Human leukocyte antigen class I (HLA-I) molecules present antigenic peptides to cytotoxic CD8+ T cells. Downregulation of
peptide:HLA-I complexes is common in tumors and results in tumor immune escape variants. Also molecules involved in the maturation
of HLA-I have been demonstrated to be dysregulated in malignant neoplasms. We here set out to investigate the antigen presentation
capabilities of a set of 12 glioblastoma multiforme (GBM) tumors based on the expression of HLA-I. Moreover, we analyzed the
expression of tapasin, a protein dedicated and essential to HLA-I maturation, as well as the infiltration of CD8+ cells using
immunohistochemistry on paraffin-embedded sections.

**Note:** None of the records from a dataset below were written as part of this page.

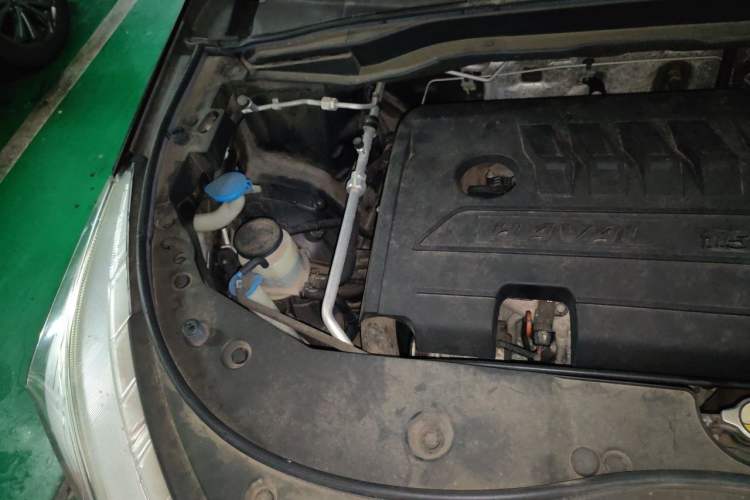 Used Haval M6 2018 1.5T Manual Two-Wheel Drive Elite Model Engine Bay Right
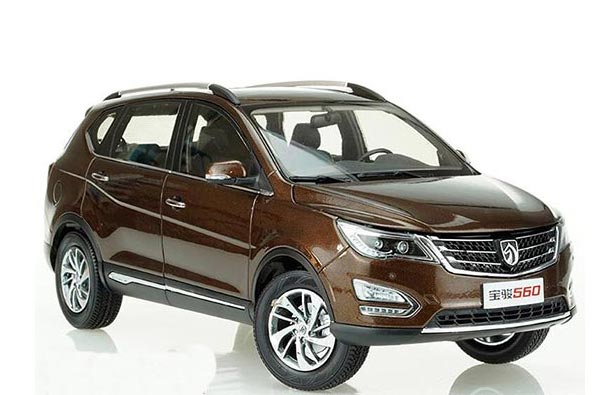 Diecast SAIC-GM Baojun 560 SUV Model 1:18 Scale White / Brown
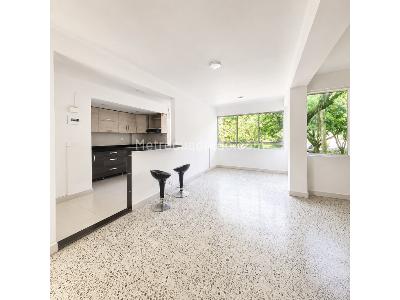 Apartamento de 3 alcobas en venta en Calasanz, Medellín, 97 m² · foto 3 de 16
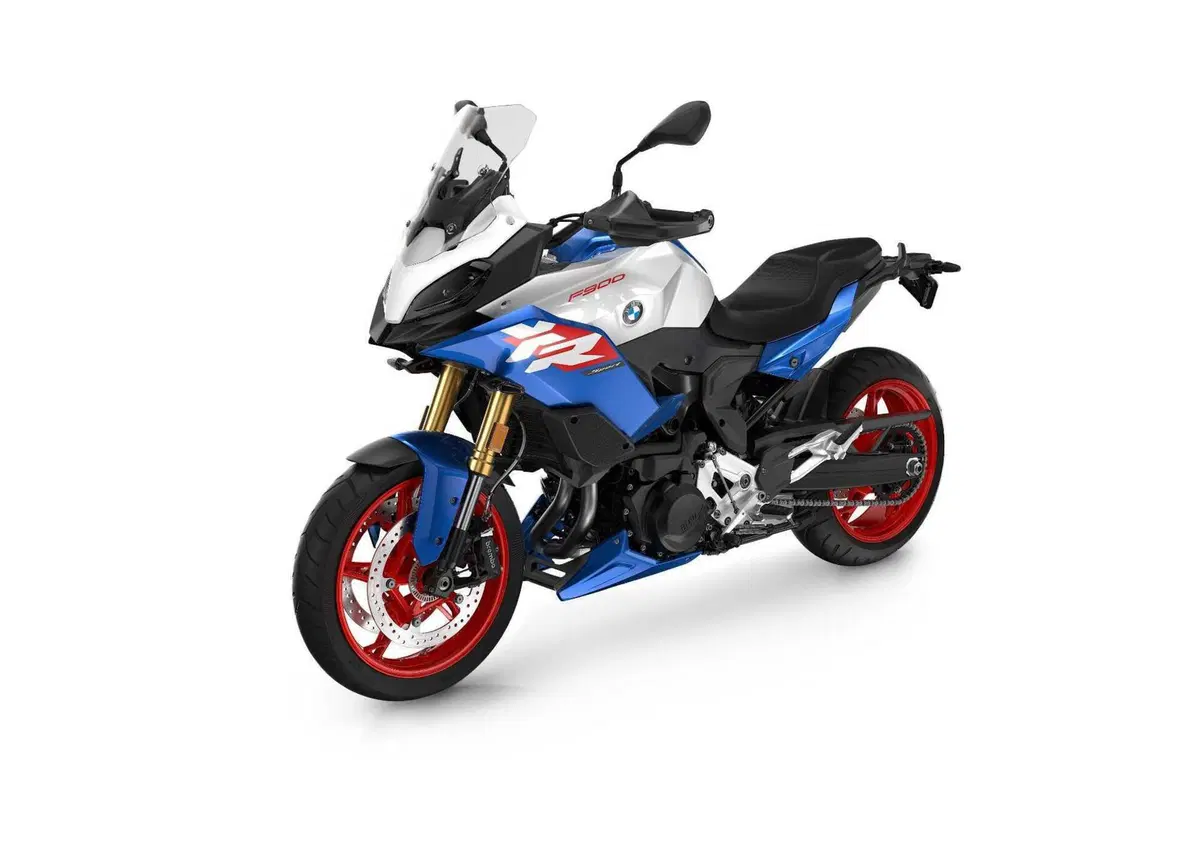  Nuove BMW F 900 R e F 900 XR 2025: aggiornamenti su ergonomia, ciclistica e dotazione (10)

Comparison of different GBMs showed a variation in expression of both HLA-I
heavy chain (HC) and tapasin. Interestingly, the expression of tapasin and HLA-I HC correlated significantly (p=0.0002) suggesting
tapasin to be a key factor for efficient HLA-I antigen presentation in GBMs. Although no statistically significant correlation between
CD8+ cells and survival was found, probably due to a very low number of infiltrating CD8+ cells at the time of surgical resection, both
tapasin and HLA-I HC levels significantly correlated with survival. We suggest that analysis of expression of tapasin and/or HLA-I may
be of value as prognostic tool for GBM patients, especially when considering immunotherapy.
Keywords: Brain tumor, CD8, glioblastoma multiforme, HLA-I, MHC-I, tapasin.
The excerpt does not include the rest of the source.